Soldier Field: So What? and now, Who Cares?
From the first, the architects who designed the renovation of Soldier Field insisted that they were "saving one of Chicago's great landmarks." Those words, which appeared on the cover of the multimillion dollar stadium redesign plan they unveiled six years ago, were embraced by Mayor Richard M. Daley, the project's chief political backer. And they were swallowed whole by modernist ideologues whose blinders stopped them from seeing the architectural train wreck that was so apparent to everybody else.In fact, a far better architecture critic than Kamin disagrees with him. But more important is the journalistic train wreck. Kamin still doesn't answer the question of "so what?" There seem to be no consequences whatsoever for the loss of landmark status.
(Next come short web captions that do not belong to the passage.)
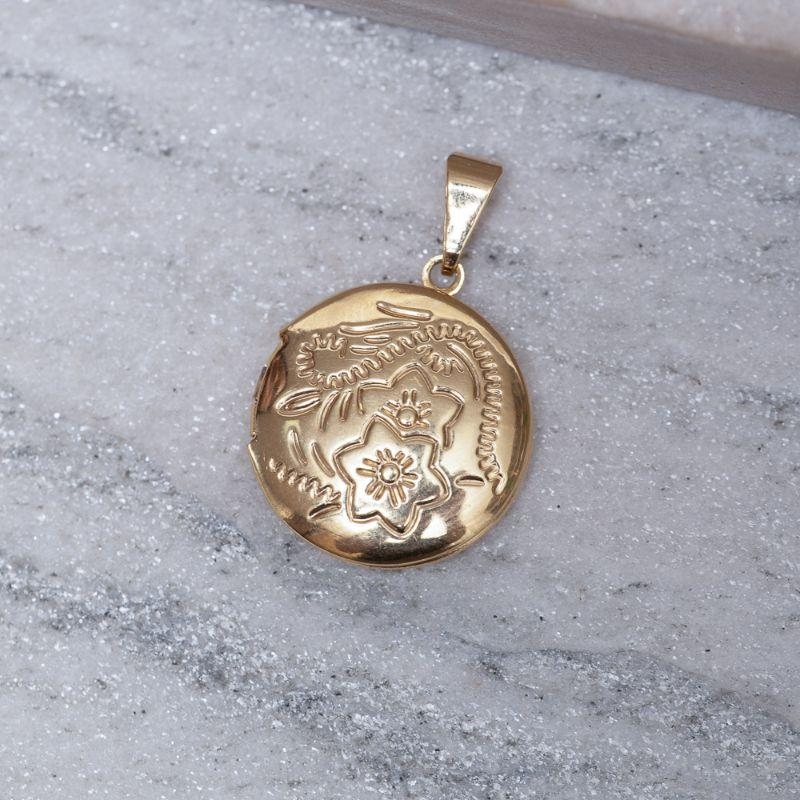 PINGENTE RELICÁRIO REDONDO TRABALHADO BANHO OURO 18K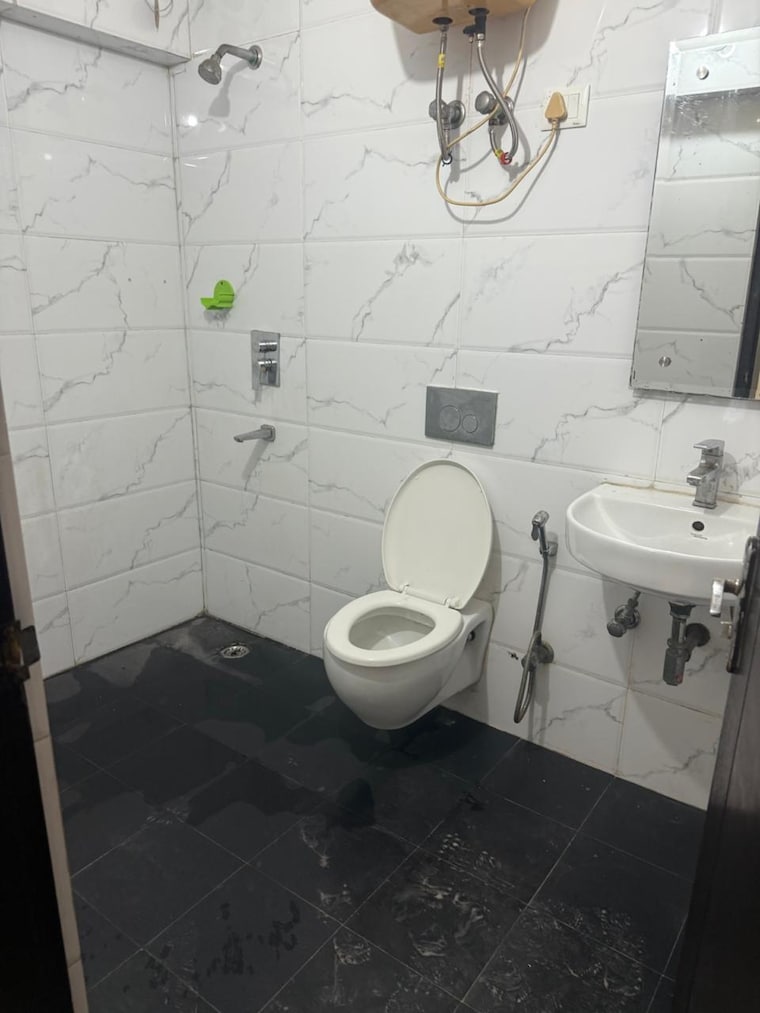 Bathroom, vasant kunj enclave 3 Bedroom 1200 Sq.Ft. Apartment In Vasant Kunj Enclave Delhi 9500075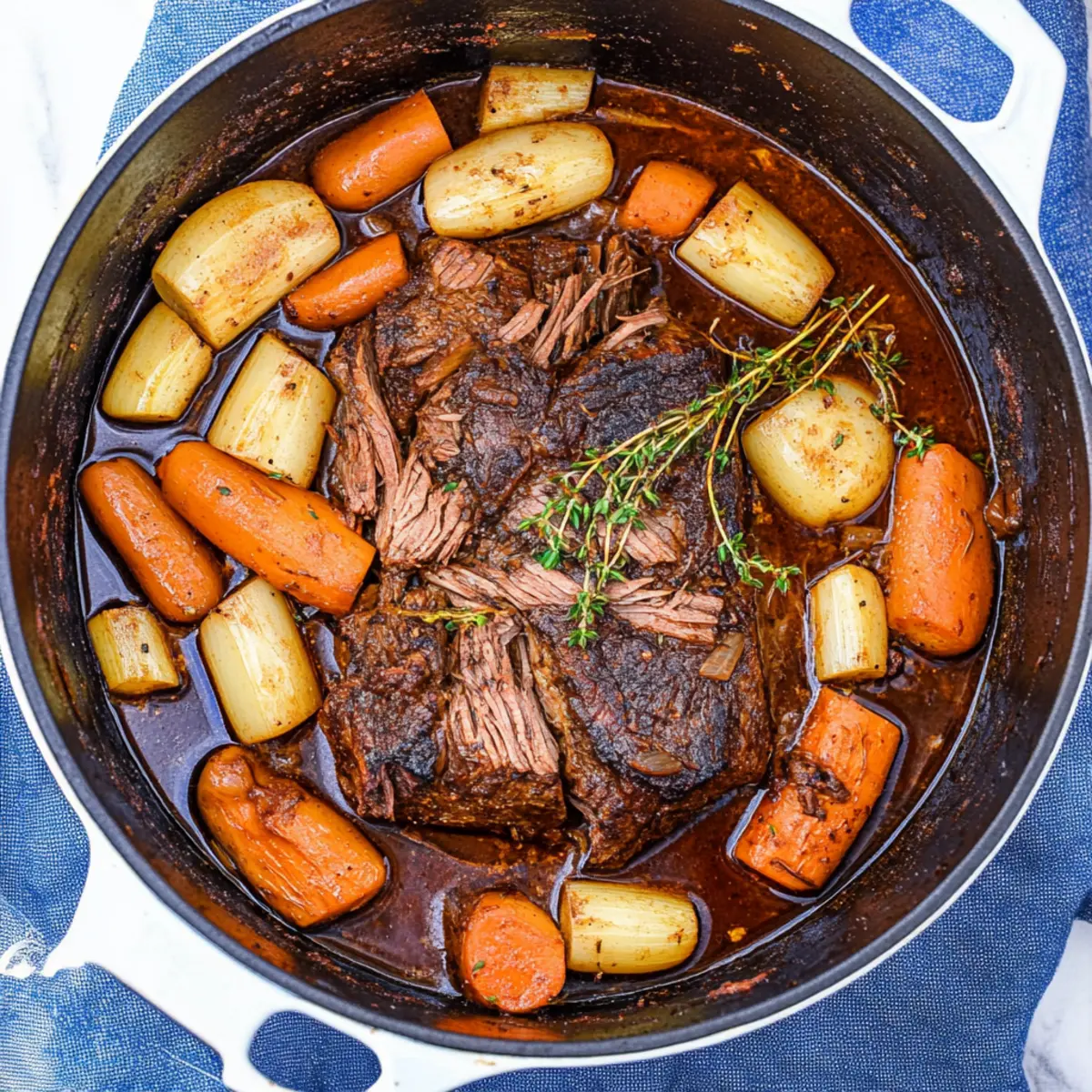 Savory Dutch Oven Pot Roast: The Ultimate Comfort Dish 1
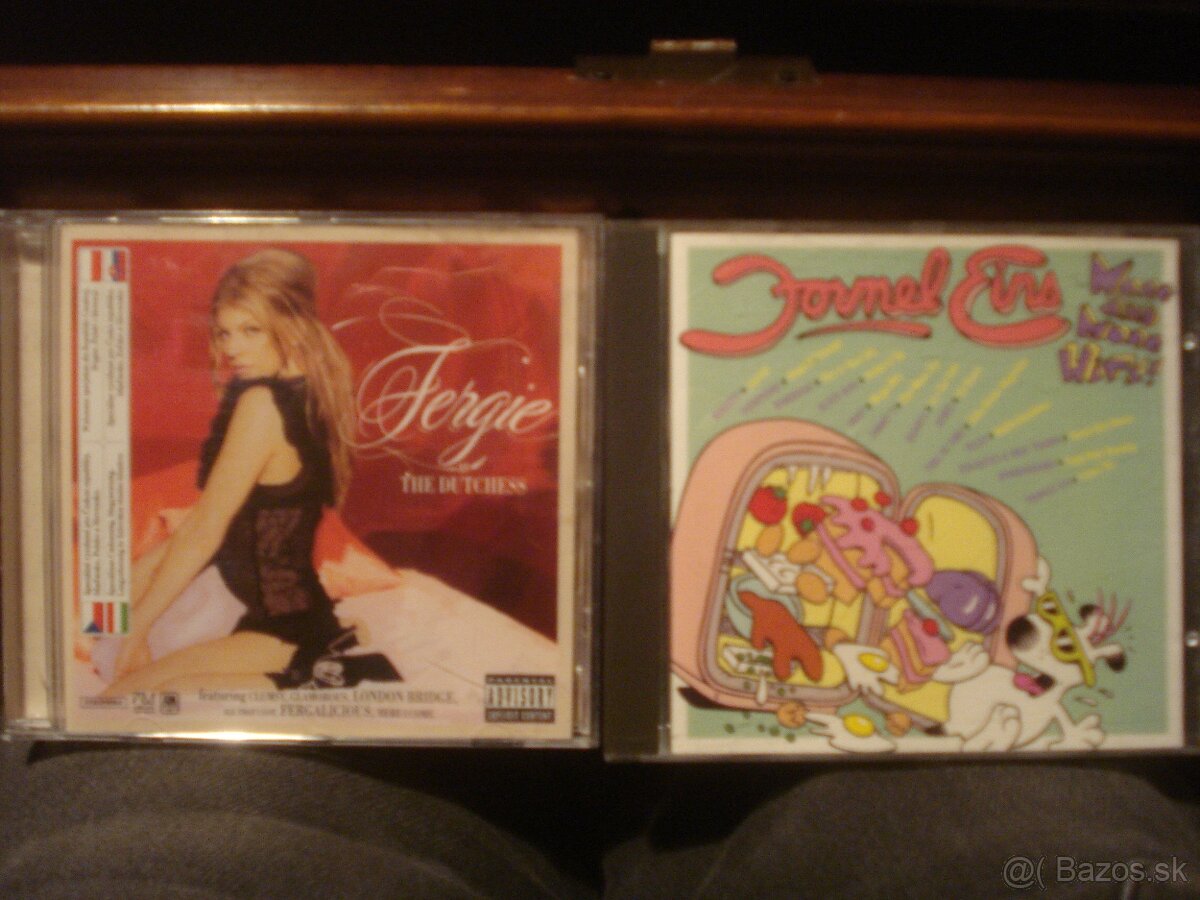 CD D.PURPLE BOWIE ACDC DOORS R.STEWART STEPPENWOLF NIGHTWISH - 16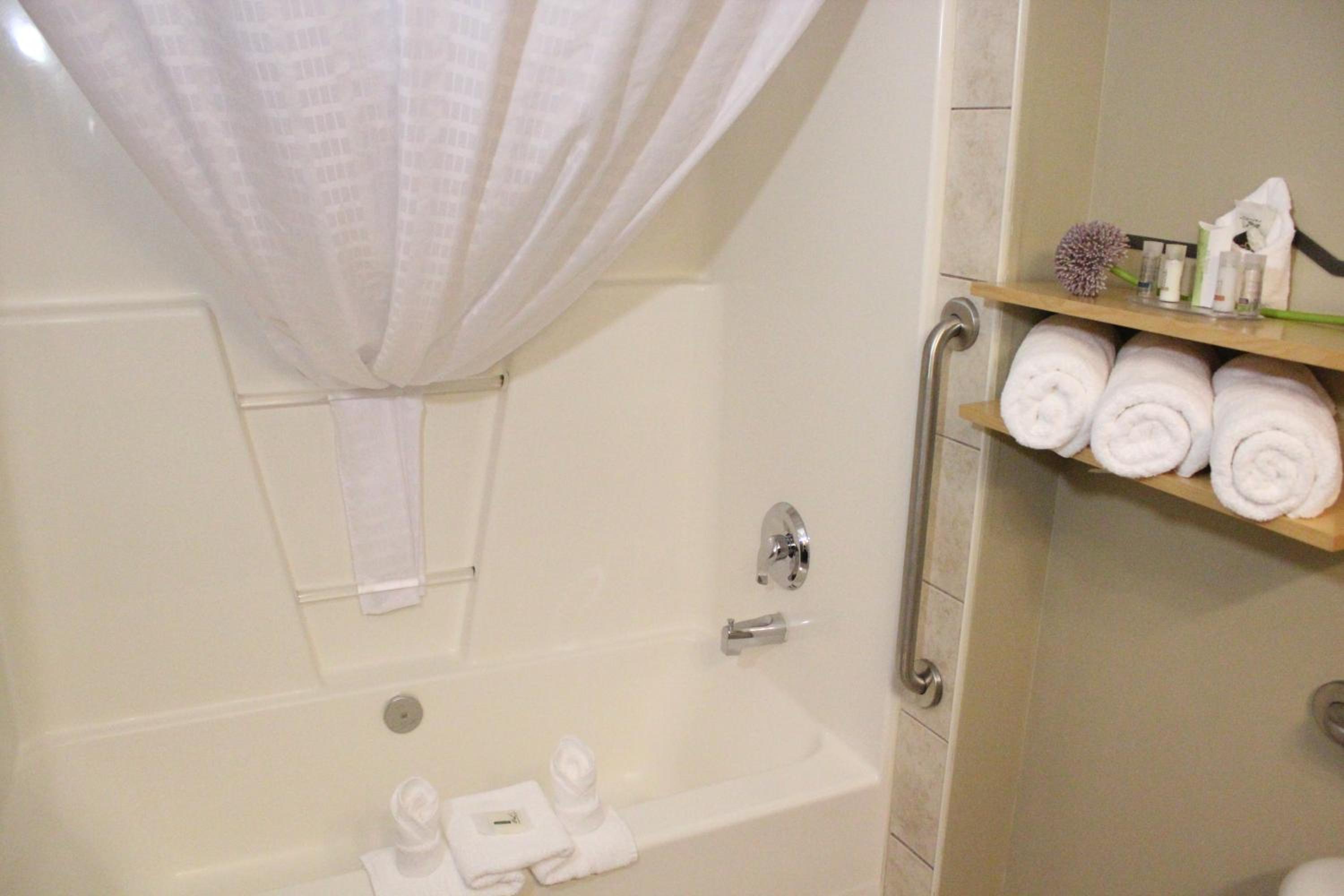 Fort Mcmurray Vacations - Travelodge by Wyndham Fort McMurray - Property Image 12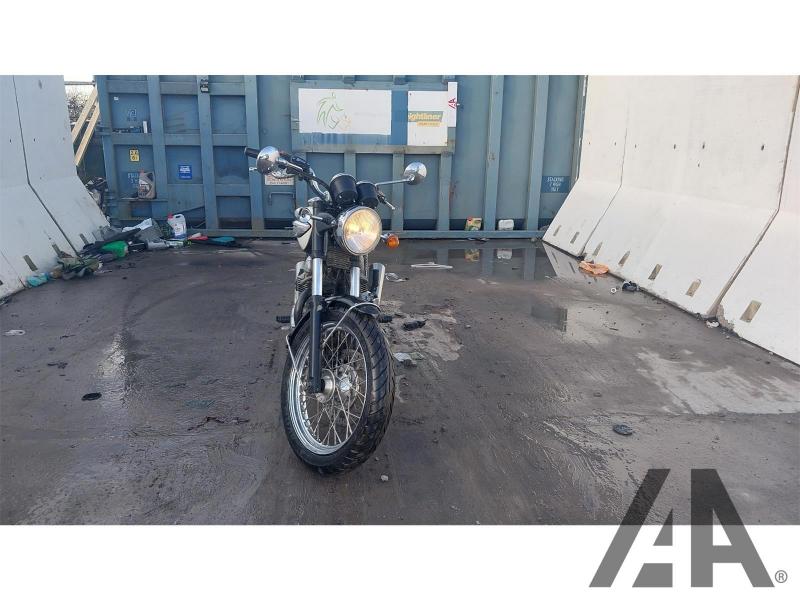 2005 TRIUMPH BONNEVILLE 865cc PETROL MOTORCYCLE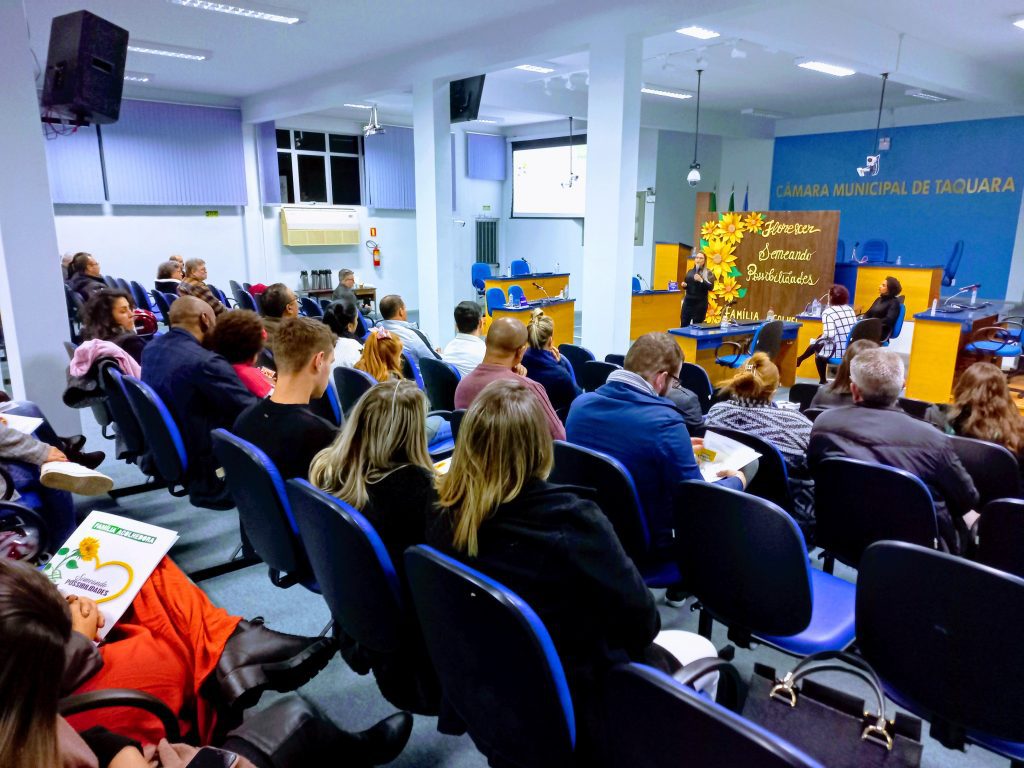 Lançado em Taquara o Programa Família Acolhedora Florescer Comunidade prestigiou o lancamento do Programa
More importantly, Tribune-owned Chicagosports.com placed a poll next to Kamin's story yesterday asking readers whether they care. 56 percent said no, they don't care. That poll has since been replaced by a less embarrassing question for the Tribune, "Do you think Soldier Field deserved to lose landmark status?"
Nelson Algren observed a half century ago that the Tribune tries to impose its point of view on the city. When the newspaper crusades this stridently to impose a point of view, and its readers respond with "so what?" and "who cares?" it just proves how distant this city's newspaper is from this city's people.